Instructions to follow
Report how many lines in the material hold the word "Long". No other content is required.

Raw data
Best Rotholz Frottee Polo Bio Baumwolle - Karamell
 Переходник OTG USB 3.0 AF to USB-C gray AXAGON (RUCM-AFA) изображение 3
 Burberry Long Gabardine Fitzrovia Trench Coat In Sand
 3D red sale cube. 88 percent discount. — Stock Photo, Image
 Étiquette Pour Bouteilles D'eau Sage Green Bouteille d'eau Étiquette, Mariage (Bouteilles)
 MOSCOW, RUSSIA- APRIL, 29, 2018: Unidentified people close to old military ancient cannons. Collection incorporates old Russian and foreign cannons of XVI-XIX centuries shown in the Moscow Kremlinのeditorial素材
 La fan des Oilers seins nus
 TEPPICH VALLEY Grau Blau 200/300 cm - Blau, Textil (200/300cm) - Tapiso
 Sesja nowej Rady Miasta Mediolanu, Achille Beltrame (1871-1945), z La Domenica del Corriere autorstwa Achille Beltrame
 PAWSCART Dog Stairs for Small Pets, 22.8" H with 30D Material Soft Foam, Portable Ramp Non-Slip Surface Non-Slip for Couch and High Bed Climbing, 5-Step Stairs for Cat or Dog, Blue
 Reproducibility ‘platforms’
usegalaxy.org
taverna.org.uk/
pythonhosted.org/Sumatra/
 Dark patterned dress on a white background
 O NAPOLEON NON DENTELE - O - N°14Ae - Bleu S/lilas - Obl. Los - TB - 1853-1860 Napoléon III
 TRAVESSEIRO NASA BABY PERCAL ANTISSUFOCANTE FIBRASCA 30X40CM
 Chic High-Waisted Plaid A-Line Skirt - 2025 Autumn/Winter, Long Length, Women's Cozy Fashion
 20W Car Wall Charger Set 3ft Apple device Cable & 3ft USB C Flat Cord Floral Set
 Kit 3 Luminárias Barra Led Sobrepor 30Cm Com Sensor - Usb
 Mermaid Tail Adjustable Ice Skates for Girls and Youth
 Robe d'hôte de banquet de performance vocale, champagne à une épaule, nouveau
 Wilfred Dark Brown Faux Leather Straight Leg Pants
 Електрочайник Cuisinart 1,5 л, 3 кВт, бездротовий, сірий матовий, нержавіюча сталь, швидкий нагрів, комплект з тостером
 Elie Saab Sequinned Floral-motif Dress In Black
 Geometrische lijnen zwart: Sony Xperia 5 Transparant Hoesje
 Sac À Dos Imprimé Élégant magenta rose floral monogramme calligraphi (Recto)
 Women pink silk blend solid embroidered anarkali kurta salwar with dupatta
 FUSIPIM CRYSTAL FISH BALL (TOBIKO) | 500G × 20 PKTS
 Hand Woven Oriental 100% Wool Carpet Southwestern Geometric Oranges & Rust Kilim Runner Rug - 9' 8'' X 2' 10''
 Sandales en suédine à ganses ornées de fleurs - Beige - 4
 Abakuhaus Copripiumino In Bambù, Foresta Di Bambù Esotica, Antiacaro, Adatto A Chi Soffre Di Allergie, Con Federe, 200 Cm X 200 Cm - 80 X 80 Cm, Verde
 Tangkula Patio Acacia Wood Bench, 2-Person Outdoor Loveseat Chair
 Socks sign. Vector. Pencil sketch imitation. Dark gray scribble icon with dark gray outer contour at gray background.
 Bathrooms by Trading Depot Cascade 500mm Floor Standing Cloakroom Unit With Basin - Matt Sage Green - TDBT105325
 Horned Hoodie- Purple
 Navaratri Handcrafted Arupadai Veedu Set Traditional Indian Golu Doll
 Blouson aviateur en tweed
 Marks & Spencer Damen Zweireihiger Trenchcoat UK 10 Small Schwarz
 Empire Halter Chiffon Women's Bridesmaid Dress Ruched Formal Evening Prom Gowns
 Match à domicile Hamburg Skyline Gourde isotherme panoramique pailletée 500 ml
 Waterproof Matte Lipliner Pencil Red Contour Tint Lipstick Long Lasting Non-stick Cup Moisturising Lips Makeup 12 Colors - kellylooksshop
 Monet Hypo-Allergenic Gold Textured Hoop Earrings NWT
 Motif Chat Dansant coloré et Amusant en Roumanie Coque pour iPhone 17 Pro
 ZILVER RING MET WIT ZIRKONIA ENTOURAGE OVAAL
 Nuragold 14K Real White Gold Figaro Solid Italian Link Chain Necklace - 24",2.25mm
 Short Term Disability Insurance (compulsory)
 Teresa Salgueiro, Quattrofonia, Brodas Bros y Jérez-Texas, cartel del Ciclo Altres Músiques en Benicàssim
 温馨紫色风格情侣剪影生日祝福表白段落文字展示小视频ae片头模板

Answer space
3